In short, the federal courts have given great deference to administration claims of “national security” even though this appears to restrict the rights of U.S. citizens to association, expression, and to gather information firsthand.

II. THE SYSTEM IMPOSED BY THE U.S. GOVERNMENT TO PREVENT U.S. TRAVEL TO CUBA

As stated above, the U.S. government has attempted to prevent free travel to Cuba, by banning unlicensed financial transactions related to such travel. However, the legislation which gave such authority reflected some conflicting interests within the congress. One example, referred to as the Berman Amendment, protected the importation of items expressing ideas, despite severe and even criminal sanctions for any other trade or transactions with Cuban nationals. Thus, books, newspapers, music or video recordings, and even expensive works of art were exempted from these restrictions, and art dealers could get U.S. government licenses to travel to Cuba to engage in such importation. Second, the government’s system to enforce the Cuba travel restrictions, provided for a right to a hearing if requested by the person or company charged with a violation. (This right to a hearing was denied to Iraq travelers Karpova and Clancy.)

However, for most of the decades of the Cuba travel ban, no such administrative hearings were actually provided. Criminal sanctions always existed, and would naturally result in a trial, in which a jury would need to find “beyond a reasonable doubt” that the traveler violated the law. The U.S. government clearly did not trust presenting such issues to the American people as reflected in the U.S. jury system, so such charges were almost never brought. The rare exceptions were for organizing travel, and within the southern district of Florida, where a population that was either hostile to Cuba, or intimidated by such elements, might be counted on to help assist in obtaining a conviction. Even so, such prosecutions appeared to be election ploys, and some were dismissed in the courts, such as those against the organizers of a regatta between the U.S. and Cuba.

Thus, lawyers advised U.S. persons accused of traveling to Cuba to ask for a hearing and for discovery related to a hearing, when administrative sanctions were raised. Until September 11, 2003, there was no provision for such hearings to be held, however, and the government also failed to respond to any discovery requests.

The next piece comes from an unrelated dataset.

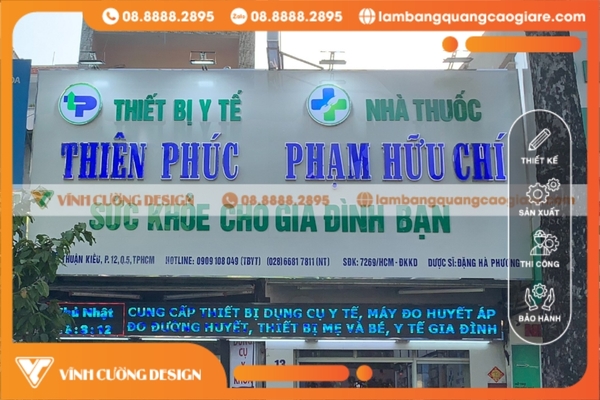 Thi công bảng hiệu hộp đèn nhà thuốc siêu đẹp, giá rẻ 12 Về nội dung hiển thị bảng hiệu thuốc tây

Under the George W. Bush administration, from September 2003 to 2006, the U.S. held special “trials for travel,” all of which were required to be held in the Washington, D.C. area. About one dozen such administrative trials took place, but none of those persons have had to pay any fines so far. The government’s regulations which asserted a presumption that U.S. visitors to Cuba spent money there, was struck down, and then rescinded. In a cases where there was significant public organizing, such as the “Methodist 3” from Milwaukee, Wisconsin (a swing state in the presidential elections, in 2000 and 2004), the government agreed to dismiss its prosecutions, especially when faced with counterclaims based on racial profiling/selective prosecution, and undue interference with religious practices.

Representation was provided in most cases by the Center for Constitutional Rights, based in New York City, and by a network of lawyers organized by the National Lawyers Guild’s Cuba Subcommittee. Based on numerous procedural and other defenses that were raised, these individual cases often outlasted the assignments of the judges assigned to hear the cases, and the results varied, from a reduction of the proposed penalty of one-third, to a 90% reduction. It remains to be seen whether the Obama Administration will take any action to collect these fines, now that most of them have become administratively final.

It should be noted that the enforcement of the Cuba travel restrictions by the U.S. Department of Treasury’s Office of Foreign Assets Control (OFAC), seems clearly to have waxed or waned depending on election results in the U.S.. For example, coinciding with the 2000 decision that George W. Bush would become president, OFAC greatly increased its enforcement actions, sending hundreds of letters demanding information from persons accused of traveling to Cuba, and proposing to assess fines against them, typically of $7,500 a piece. Likewise, following the November 2006 Congressional elections in which the Democrats made strong gains, there was almost no enforcement. No administrative hearings were commenced, and there were virtually no initial steps taken either, such as letters demanding information, proposing penalties or actually imposing penalties subject to a hearing request.

According to OFAC’s official enforcement reports since 2003, some 1,000 individuals were fined $1.8 million for Cuba travel offenses (these were either based on compromised settlements, usually about $1,000 where the travelers feared worse consequences; or situations where they had failed to make timely requests for their right to a hearing). But even under the Bush administration, for the remaining two years after the November 2006 elections, OFAC reports collecting penalties from only five individuals in all of 2007 and 2008. The NLG and CCR are aware from their network of lawyers that OFAC enforcement actions had virtually ceased. There is no reason to believe that enforcement actions will be commenced at this point, whether or not a formal repeal is instituted.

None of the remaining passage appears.